BEGIN DATA UNDER STUDY

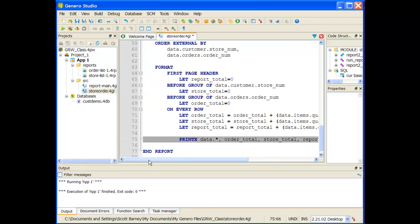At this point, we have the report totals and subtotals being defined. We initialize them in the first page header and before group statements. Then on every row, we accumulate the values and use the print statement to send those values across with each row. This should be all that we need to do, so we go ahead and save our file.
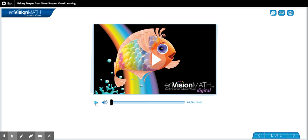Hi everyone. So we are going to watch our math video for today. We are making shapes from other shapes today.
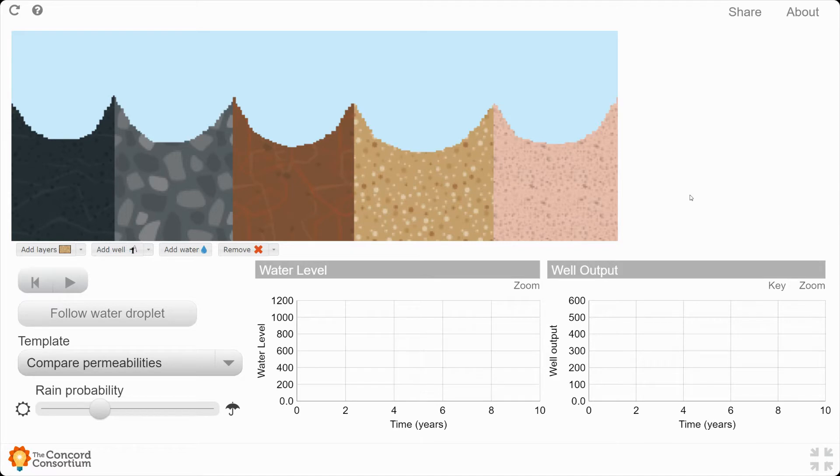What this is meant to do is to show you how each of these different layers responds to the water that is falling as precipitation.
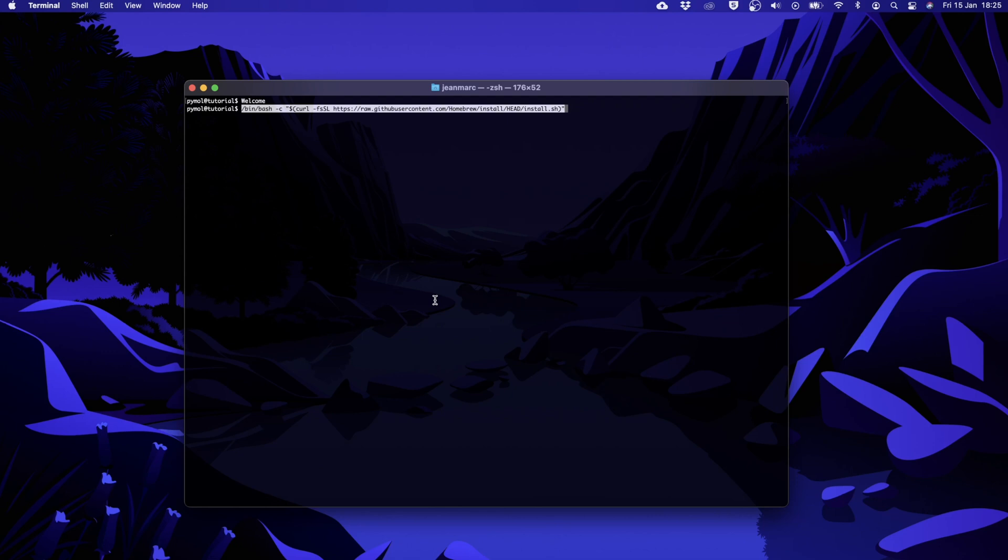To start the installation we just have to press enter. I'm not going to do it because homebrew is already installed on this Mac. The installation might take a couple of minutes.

END DATA UNDER STUDY
BEGIN DATA UNDER STUDY

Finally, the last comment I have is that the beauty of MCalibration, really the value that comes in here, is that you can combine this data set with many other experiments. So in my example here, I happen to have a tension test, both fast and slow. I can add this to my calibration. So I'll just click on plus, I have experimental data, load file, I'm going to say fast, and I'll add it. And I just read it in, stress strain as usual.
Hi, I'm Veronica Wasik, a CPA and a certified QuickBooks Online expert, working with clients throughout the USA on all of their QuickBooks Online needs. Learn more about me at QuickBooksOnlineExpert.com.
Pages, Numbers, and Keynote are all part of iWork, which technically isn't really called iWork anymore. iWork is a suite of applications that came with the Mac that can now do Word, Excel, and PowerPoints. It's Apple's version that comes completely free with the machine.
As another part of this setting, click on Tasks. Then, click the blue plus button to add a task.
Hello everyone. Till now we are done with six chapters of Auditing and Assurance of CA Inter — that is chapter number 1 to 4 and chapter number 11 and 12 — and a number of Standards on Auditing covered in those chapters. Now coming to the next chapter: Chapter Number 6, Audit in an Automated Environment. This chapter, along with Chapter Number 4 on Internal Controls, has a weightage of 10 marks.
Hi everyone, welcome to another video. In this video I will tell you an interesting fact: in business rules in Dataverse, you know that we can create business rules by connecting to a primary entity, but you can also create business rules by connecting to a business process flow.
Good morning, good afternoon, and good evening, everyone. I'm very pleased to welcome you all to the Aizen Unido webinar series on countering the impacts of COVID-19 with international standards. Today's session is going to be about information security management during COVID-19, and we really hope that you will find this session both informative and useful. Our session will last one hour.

END DATA UNDER STUDY

## PROBLEM TO SOLVE
With the first line being the one containing "Finally, the last" and the last line the one containing "Good morning, good", transcribe exactly the lines above that fall in that range.

## ANSWER TO THE PROBLEM
Finally, the last comment I have is that the beauty of MCalibration, really the value that comes in here, is that you can combine this data set with many other experiments. So in my example here, I happen to have a tension test, both fast and slow. I can add this to my calibration. So I'll just click on plus, I have experimental data, load file, I'm going to say fast, and I'll add it. And I just read it in, stress strain as usual.
Hi, I'm Veronica Wasik, a CPA and a certified QuickBooks Online expert, working with clients throughout the USA on all of their QuickBooks Online needs. Learn more about me at QuickBooksOnlineExpert.com.
Pages, Numbers, and Keynote are all part of iWork, which technically isn't really called iWork anymore. iWork is a suite of applications that came with the Mac that can now do Word, Excel, and PowerPoints. It's Apple's version that comes completely free with the machine.
As another part of this setting, click on Tasks. Then, click the blue plus button to add a task.
Hello everyone. Till now we are done with six chapters of Auditing and Assurance of CA Inter — that is chapter number 1 to 4 and chapter number 11 and 12 — and a number of Standards on Auditing covered in those chapters. Now coming to the next chapter: Chapter Number 6, Audit in an Automated Environment. This chapter, along with Chapter Number 4 on Internal Controls, has a weightage of 10 marks.
Hi everyone, welcome to another video. In this video I will tell you an interesting fact: in business rules in Dataverse, you know that we can create business rules by connecting to a primary entity, but you can also create business rules by connecting to a business process flow.
Good morning, good afternoon, and good evening, everyone. I'm very pleased to welcome you all to the Aizen Unido webinar series on countering the impacts of COVID-19 with international standards. Today's session is going to be about information security management during COVID-19, and we really hope that you will find this session both informative and useful. Our session will last one hour.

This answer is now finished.